第七十二話 神器覚醒
法の番人の武器による連撃を、俺は神竜刀と界葬棒で受ける。雑巾だけはちゃんと回避する。
パワー、スピード共に格下。俺は攻撃を搔い潜り、まず槍で右足を抉る。その後で刀で斬りかかるも、刀の攻撃は弾かれてしまった。攻撃を弾かれ、隙のできた俺は法の番人の右足に蹴飛ばされた。
400メートルは飛ばされ、山の岩壁に突っ込む。
「攻撃を受けすぎる傾向にある、か。確かにな……」
防御力にかまけて捨て身になり過ぎている。気をつけよう。
(それより……)
界葬棒ではダメージを与えられ、神竜刀は弾かれた。
相手は全ての属性に耐性を持っている。属性付きの抜刀術でも結果は同じだろうな。
界葬棒と神竜刀の攻撃力は体感では同程度。なのになぜ界葬棒だけ攻撃が通ったか。それは恐らく界葬棒の対結界効果によるものだろう。

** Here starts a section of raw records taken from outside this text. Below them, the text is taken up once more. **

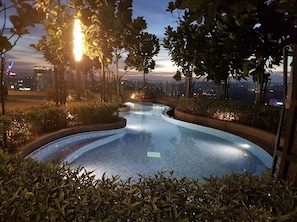 A swimming pool surrounded by greenery, with a cityscape in the background. - The Robertson Residence (Kuala Lumpur)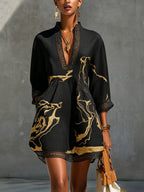 Minivestido negro con estampado de mármol dorado, escote en V y manga 3/4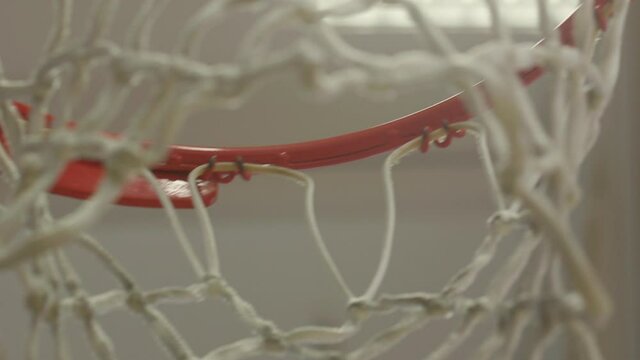 Close Up, Rack Focus of New Basketball Net and Rim in an Empty Gym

迷宮とは巨大な結界だ。その迷宮の一部である法の番人には結界という属性が付いているのだろう。だから界葬棒でダメージを与えられる。
「ウィルス発見!!」
法の番人が追撃にやってくる。法の番人足の怪我はすでに修復済み。当然のように再生能力を持っているようだ。
「掃除! 掃除!!」
法の番人は雑巾以外の全ての武器を投げてきた。
「なに!?」
武器の投擲を飛んで躱す。法の番人は左右それぞれにある三本の腕を合体させ、左右に一本ずつ、極太の腕を作る。両手で雑巾を持ち、地面に付け、雑巾がけの体勢をとる。
「掃除ぃ!!!」
法の番人は臀部に五個の穴を空け、穴から空気を噴射し雑巾がけの姿勢のまま空を飛ぶ。
空中にいる俺に高速で接近してくる。俺は刀を鞘にしまい、奴の雑巾に界葬棒の刺突を合わせる。
「くっ!!?」
槍と雑巾は弾き合う。雑巾は破れ、界葬棒は遥か彼方に飛んでいった。
俺と法の番人は地面に着地する。法の番人は腹に手を突っ込み、体内から新たな雑巾を取り出す。そしてまたあの雑巾がけの姿勢を取る。
あの技、速いが動きは直線的だ。地上ならば躱せる。逃げ回りながらぶっ飛ばされた界葬棒を回収しにいくか……と考えている時だった。
ピピッ! と万識の腕時計が鳴った。
俺は万識の腕時計に視線を落とす。